The month of Cheshvan is known as "Chadar" and includes other special dates, such as 1 Chadar, when Moses saw G-d's face and 10 Chadar, when he received the Jewish people on his descent from Heaven. Whereas Shavuot, 48 days after Pesach [22 Nisan in their calendar] is celebrated as a harvest festival, the Sigd is their celebration of the Giving of the Law. The Jewish community in Ethiopia would make a special pilgrimage to the nearest highest mountain, for example, near Ambover village, as they could not observe the precept of pilgrimage to Jerusalem, and there would be prayers and a festive meal.

In Israel today, thousands of Ethiopian Jews are ferried to Jerusalem each year, and the pilgrimage begins from a view of the Old City and the Temple Mount from the Talpiot Promenade facing the holy sites.

Traffic is congested in the afternoon of the 29th Cheshvan, as we watch large gatherings in their festive white or modern clothing disembark from coaches and solemnly absorb the view before special prayers.

 

1. What are the Pilgrim Festivals?

2. Do other Diaspora Jews observe the Pilgrim festivals with a special custom? Why/not?

3. How far apart are the 2 closest Pilgrimage festivals? Why? http://www.jajz-ed.org.il/festivls/shavuot/omer1.html

4. Read the Section on Lag BaOmer - what mountain is involved in this celebration?

5. Take a Jewish calendar and count backwards from the Sigd to preceding festivals, making a chart and noting the Torah readings for each week.

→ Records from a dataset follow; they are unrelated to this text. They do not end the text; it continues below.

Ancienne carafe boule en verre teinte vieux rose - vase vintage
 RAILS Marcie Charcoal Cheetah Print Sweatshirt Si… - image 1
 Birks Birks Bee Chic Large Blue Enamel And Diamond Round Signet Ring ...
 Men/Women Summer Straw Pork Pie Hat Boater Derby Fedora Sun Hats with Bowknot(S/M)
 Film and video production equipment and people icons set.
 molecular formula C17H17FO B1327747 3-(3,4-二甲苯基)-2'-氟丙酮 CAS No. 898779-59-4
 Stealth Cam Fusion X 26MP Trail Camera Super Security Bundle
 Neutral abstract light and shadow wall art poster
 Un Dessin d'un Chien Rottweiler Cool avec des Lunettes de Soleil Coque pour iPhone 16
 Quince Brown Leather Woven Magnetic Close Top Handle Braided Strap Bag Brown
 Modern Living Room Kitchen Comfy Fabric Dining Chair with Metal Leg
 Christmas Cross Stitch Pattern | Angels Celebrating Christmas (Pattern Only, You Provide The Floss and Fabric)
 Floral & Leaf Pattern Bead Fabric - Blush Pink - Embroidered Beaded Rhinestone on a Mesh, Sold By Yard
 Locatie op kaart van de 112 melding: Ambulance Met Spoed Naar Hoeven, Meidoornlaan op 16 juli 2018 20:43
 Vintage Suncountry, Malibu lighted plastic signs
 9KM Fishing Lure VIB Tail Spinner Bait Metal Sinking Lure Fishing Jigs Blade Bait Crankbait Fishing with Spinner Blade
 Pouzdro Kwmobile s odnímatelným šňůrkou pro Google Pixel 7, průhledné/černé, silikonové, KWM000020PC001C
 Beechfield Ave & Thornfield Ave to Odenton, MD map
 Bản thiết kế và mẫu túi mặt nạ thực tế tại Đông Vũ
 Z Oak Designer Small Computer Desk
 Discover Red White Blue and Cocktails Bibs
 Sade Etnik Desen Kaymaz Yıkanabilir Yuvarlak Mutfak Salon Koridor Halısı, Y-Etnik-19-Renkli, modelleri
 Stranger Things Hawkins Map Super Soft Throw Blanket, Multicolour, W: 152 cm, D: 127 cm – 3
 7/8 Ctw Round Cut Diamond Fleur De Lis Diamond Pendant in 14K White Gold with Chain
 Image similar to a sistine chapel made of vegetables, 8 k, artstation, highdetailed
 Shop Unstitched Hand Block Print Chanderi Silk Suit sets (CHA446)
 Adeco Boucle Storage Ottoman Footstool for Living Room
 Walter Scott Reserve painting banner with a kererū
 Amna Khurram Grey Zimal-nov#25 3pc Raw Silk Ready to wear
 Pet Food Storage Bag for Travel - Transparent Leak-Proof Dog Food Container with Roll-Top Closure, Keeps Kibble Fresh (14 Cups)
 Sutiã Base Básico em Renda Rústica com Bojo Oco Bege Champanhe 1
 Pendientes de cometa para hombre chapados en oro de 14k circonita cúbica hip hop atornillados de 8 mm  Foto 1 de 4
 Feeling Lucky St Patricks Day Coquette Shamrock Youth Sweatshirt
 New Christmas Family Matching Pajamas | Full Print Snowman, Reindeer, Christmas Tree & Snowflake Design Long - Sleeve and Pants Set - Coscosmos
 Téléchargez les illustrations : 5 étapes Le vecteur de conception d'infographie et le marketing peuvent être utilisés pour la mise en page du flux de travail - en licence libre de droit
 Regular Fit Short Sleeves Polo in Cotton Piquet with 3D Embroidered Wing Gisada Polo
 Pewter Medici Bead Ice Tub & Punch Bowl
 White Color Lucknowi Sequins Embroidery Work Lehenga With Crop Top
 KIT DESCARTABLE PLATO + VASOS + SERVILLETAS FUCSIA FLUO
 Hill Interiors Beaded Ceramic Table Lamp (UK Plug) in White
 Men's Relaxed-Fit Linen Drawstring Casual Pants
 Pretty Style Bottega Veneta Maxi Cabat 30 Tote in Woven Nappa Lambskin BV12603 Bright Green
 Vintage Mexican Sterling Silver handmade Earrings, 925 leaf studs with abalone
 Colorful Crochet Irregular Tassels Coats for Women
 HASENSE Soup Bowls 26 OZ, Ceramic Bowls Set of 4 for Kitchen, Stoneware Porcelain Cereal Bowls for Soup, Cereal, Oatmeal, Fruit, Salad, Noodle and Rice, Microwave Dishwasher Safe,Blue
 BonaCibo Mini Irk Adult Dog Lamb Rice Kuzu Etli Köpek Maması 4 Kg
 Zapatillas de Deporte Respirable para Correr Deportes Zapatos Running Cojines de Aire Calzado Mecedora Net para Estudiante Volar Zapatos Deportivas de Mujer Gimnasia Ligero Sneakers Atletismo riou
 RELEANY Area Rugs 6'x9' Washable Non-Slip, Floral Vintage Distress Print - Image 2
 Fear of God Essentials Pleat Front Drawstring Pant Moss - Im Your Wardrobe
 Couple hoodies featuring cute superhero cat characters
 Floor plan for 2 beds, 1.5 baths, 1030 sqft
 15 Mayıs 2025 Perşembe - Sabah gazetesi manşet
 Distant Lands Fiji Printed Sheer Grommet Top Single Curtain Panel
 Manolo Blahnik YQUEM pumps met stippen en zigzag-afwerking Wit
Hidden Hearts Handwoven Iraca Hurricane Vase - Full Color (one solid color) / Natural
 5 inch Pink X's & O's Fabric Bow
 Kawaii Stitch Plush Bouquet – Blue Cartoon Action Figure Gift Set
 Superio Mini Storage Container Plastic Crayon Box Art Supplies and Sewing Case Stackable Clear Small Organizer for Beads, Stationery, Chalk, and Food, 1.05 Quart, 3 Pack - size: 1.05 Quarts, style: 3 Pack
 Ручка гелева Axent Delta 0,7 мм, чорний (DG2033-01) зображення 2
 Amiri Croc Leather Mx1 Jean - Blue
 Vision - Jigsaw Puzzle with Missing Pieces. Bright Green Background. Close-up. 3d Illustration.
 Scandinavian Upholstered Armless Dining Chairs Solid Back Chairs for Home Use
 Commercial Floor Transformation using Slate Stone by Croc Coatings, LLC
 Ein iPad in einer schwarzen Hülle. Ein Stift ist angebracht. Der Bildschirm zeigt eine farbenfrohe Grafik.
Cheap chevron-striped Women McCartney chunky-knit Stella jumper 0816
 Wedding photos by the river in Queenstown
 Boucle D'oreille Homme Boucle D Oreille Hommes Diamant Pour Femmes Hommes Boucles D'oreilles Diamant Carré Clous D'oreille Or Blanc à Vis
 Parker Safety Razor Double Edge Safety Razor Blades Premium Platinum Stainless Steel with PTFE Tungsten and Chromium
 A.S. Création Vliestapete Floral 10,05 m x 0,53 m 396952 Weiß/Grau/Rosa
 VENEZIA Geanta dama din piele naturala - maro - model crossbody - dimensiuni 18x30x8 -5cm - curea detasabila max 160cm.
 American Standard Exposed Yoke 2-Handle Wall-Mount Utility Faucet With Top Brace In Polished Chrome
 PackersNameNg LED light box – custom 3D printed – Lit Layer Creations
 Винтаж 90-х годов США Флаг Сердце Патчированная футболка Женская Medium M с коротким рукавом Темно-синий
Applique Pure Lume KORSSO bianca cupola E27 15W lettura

What falls at the same interval?

Notes:

* There are 50 days between Pesach and Shavuot in the Jewish calendar, from the 1st day of the Omer [not counting 1st day Pesach], when we are commanded to count 7 weeks, which is explained as a time of 7 levels of purification [each of 7 days]; this is also the time it took to grow the first fruits in Eretz Yisrael for offerings, from the Children of Israel's day of entry into the Land of Israel on the 2nd day of Pesach 40 years after leaving Egypt!

* It has also been explained by our Sages that the Festival of Assembly [Atzeret] and harvest should similarly have been 50 days after the beginning of Succot, but that it would have been impractical to observe the mitzvah [precept] of dwelling in Succot [booths] so late in the year, and the harvest needed to be before the rains. [We also pray at the end of Succot, on Shmini Atzeret, for the rains before their due season.]

Since the Ethiopian Jewish community had no Oral Law, they have taken literally the commandment to count 7 weeks - and fixed their pilgrimage festival accordingly: 7 weeks after Yom Kippur, the Day of Atonement and purification!